Jika seseorang terjebak dalam pola yang membuatnya memberikan segalanya atau sebagai pihak yang dimonopoli kehidupannya, maka, kemungkinan besar apa yang mereka alami bukanlah cinta sejati.
Pada tahap ini, satu pihak sangat bergantung pada pasangannya untuk memenuhi kebutuhannya secara keseluruhan. Ini bukanlah pola yang baik untuk membangun hubungan yang sehat.
Ketika seseorang meyakini bahwa dirinya harus bergantung pada satu orang untuk merawatnya, saat itu juga ia sedang mengalami kelaparan emosional. Sama halnya dengan seseorang yang merasa harus mengabdikan diri untuk merawat orang lain, sekilas terlihat seperti cinta, namun pada kenyataannya bukan. Alih-alih langgeng, cinta jenis ini dinyatakan penulis Bianca Acevedo dalam studinya, justru membantu membuat hubungan berumur lebih pendek.
Pemikiran terkait memberikan segalanya yang dimiliki sebagai ungkapan perasaan pun perlu dihindari. Pada dasarnya, cinta berkaitan dengan sikap terbuka seseorang yang menghargai pasangan dalam keadaan rentan sekalipun untuk merasa lebih hidup dan bahagia sebagai dirinya sendiri. Baik ketika hanya berdua maupun ketika bersama orang lain.
Berbeda halnya ketika sepasang kekasih menjalani hubungan yang tunggal dan consuming, mereka cenderung mempersempit dunianya.
Seiring waktu, mereka mulai memiliki dan mengikuti panduan tentang apa yang ‘diizinkan’ untuk dilakukan atau siapa yang ‘diizinkan’ untuk mereka lihat. Meski tidak diungkapkan secara kentara, aturan ini seringkali ditegaskan melalui sejumlah sikap dan ucapan tertentu.

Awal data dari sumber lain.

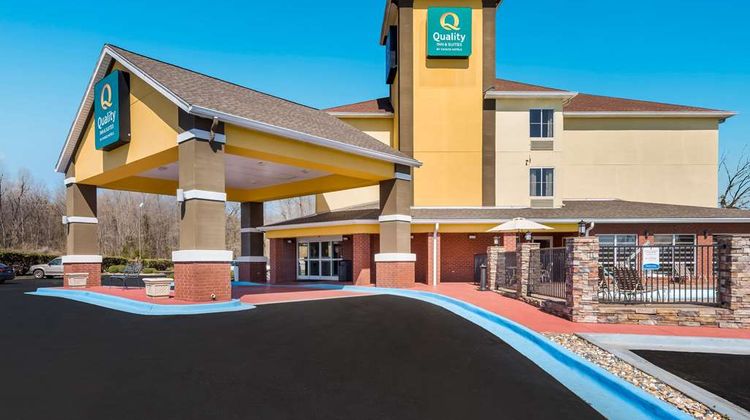 Quality Inn & Suites Huntsville Exterior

Meski mengatasnamakan ‘cinta’, pada akhirnya pola ini justru mengurangi perasaan cinta seseorang. Hubungan keduanya akhirnya jatuh dalam rutinitas yang mematikan, di mana satu sama lain saling membatasi. Dengan motif implisit, untuk meredakan rasa insecure salah satu pihak. Seiring berjalannya waktu, satu sama lain akan mulai berhenti merasakan kasih sayang yang menggebu. Perasaan yang bertolak belakang dari apa yang dirasakan ketika pertama kali hubungan tersebut dimulai.
Baca juga: Fenomena Relationship Goals
Salah satu rasa insecure yang muncul pada benak sejumlah orang ialah ketakutan akan sedikitnya cinta yang dimiliki pasangan untuknya. Jumlah yang dianggapnya tidak sebesar yang dimilikinya untuk pasangannya. Hingga memunculkan ketakutan pasangannya suatu saat akan meninggalkannya saat tidak perhatian dan fokus hanya padanya. Alhasil, ketika pasangannya memiliki ketertarikan pada hal lain, seperti hobi atau teman-temannya, hal itu dianggap sebagai ancaman bagi hubungan mereka.

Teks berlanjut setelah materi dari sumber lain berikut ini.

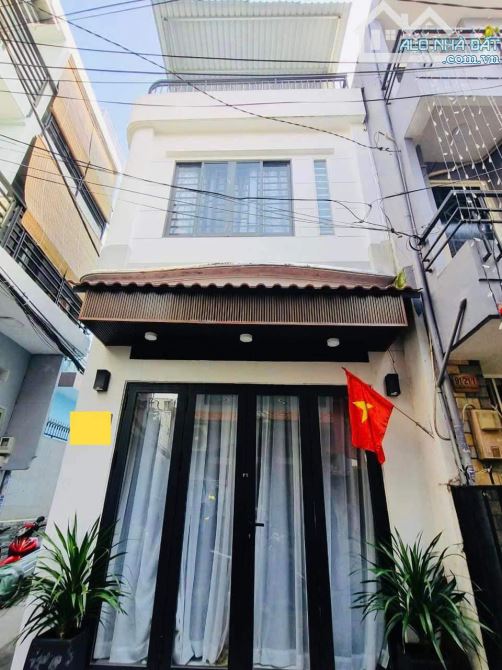 Gò Vấp Nhà Nở Hậu,Nhà Đúc,Hẻm Đường Số 2 , Tặng Nội Thất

Menurut Firestone, pola ini sangat dianjurkan untuk dihindari. Cinta justru harus bisa membuat kedua belah pihak leluasa berkembang dan menjadi diri sendiri bersama orang-orang yang dicintai. Dengan kata lain, cinta memberikan kebebasan kepada kedua belah pihak untuk berkembang. “Cinta bisa mengubah dan menantang seseorang. Tetapi, itu tidak bisa dibatasi, ditampung, atau dikendalikan dengan cara yang sering kita coba agar sesuai dengan format tertentu,” jelas Firestone.
Meski rumit, menjaga diri berada dalam hubungan yang sehat merupakan hal yang sangat penting. Ini karena, cinta bukan hanya berkaitan dengan berbahagia bersama pasangan, tetapi juga memperoleh mentalitas yang sehat untuk mengembangkan diri. So, jangan lupa untuk terus mengevaluasi diri dan hubunganmu, ya Ladies. Dengan begitu, kamu dapat menemukan cara untuk tumbuh dan bereksplorasi bersama pasangan.